SEBI-registered analyst Front Wave Research noted that HCL Tech’s 24× P/E ratio is considered fair, given its profitability profile, though sub-5% revenue growth leaves room for re-rating only upon stronger execution. The company’s advantage lies in disciplined operations and sustained revenue growth via AI integration. Analysts suggest monitoring whether this translates into volume growth or margin expansion over the upcoming quarters, as either could justify a higher valuation multiple.

Technical Outlook

On the technical charts, HCL Tech stock’s current structure resembles a (bearish) Head & Shoulders under construction. It hovers between the 200-week moving average near ₹1,352 and ₹1,600, a zone considered unsuitable for fresh trades. 

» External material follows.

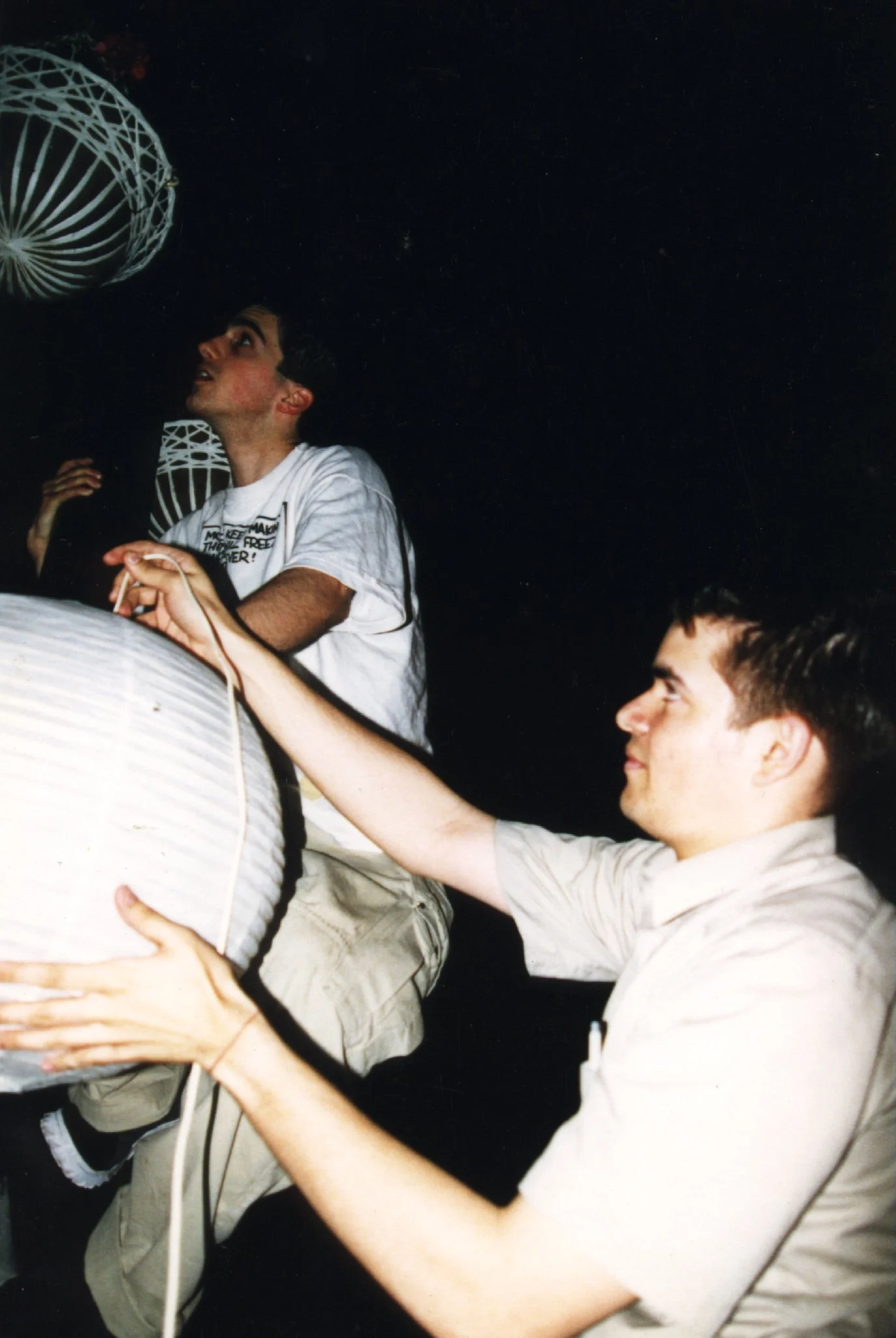 Independent filmmakers hanging a japanese lantern on a streetlamp for cinematic lighting while producing 90s NYC indie movie 'Threat'.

Front Wave said that a bullish bias would emerge only if the pattern invalidates with a decisive close above ₹1,600, potentially triggering a rally. Structural confirmation would come from a close above ₹1,750, which would signal a fresh upmove. On the other hand, a close below ₹,1,352 (200W MA) would raise the risk of completing the bearish setup, and a fall below ₹1,237 would confirm a longer downtrend, prompting caution.

Sudhansu Panda, Founder of Bluemoon Research & Financial Services, added that HCL Tech stock has looked very volatile in the last few months. It faced strong resistance between ₹1,500 and ₹1,515, which needs to be broken for a strong upmove.

According to Panda, if the stock sustains above ₹1,515, a short-term rally towards ₹1,600 to ₹1,630 is likely, with support around ₹1,400.

What Is The Retail Mood?

Data on Stocktwits showed that retail sentiment has been ‘bullish’ for a month and inching higher. 

HCL Tech sentiment and message volume on Oct 14 as of 10:10 am IST. | source: Stocktwits

HCL Technologies’ shares have declined 21% year-to-date (YTD).